WORK TO COMPLETE: Starting at the line that contains "TV-Wandschrank mit LED-Leuchten" and ending at the line that contains "Statement Handmade Pastel", the lines below are to be given again exactly, with nothing added.
PROVIDED DATA section start
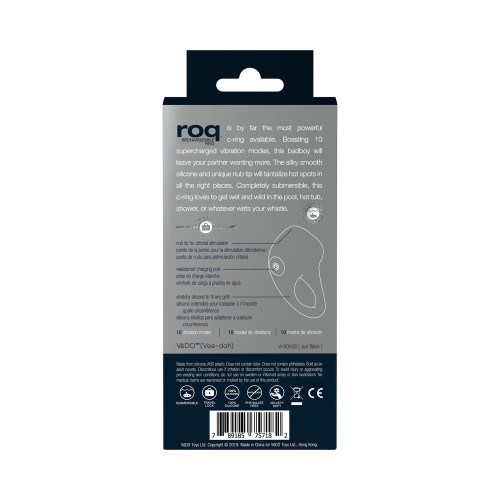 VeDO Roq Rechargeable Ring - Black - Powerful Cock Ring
PROVIDED DATA section end
PROVIDED DATA section start
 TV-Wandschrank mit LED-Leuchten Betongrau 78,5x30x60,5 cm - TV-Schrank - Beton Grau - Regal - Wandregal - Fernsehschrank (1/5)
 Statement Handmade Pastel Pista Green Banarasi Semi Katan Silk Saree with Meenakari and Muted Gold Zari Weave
PROVIDED DATA section end
PROVIDED DATA section start
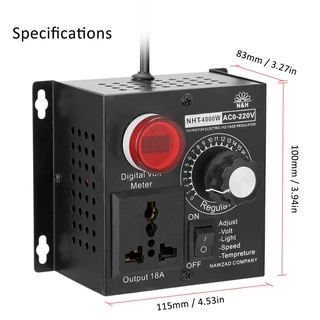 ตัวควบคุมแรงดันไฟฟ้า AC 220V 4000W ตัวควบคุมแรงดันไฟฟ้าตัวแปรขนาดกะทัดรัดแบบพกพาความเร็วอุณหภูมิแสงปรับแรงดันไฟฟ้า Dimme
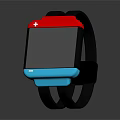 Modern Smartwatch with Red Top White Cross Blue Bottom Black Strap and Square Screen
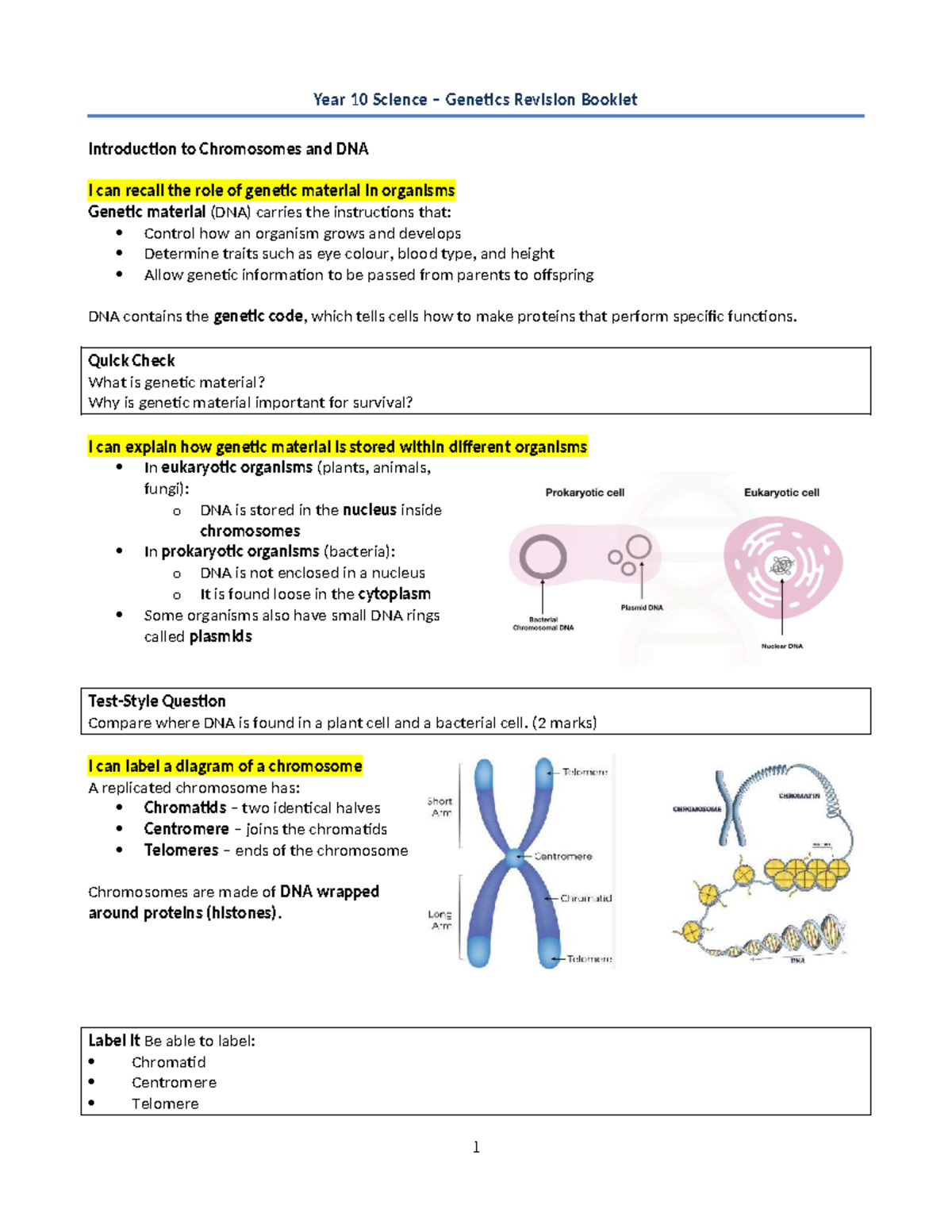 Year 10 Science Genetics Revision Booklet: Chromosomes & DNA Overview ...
PROVIDED DATA section end
OUTPUT OF THE EXERCISE:
 TV-Wandschrank mit LED-Leuchten Betongrau 78,5x30x60,5 cm - TV-Schrank - Beton Grau - Regal - Wandregal - Fernsehschrank (1/5)
 Statement Handmade Pastel Pista Green Banarasi Semi Katan Silk Saree with Meenakari and Muted Gold Zari Weave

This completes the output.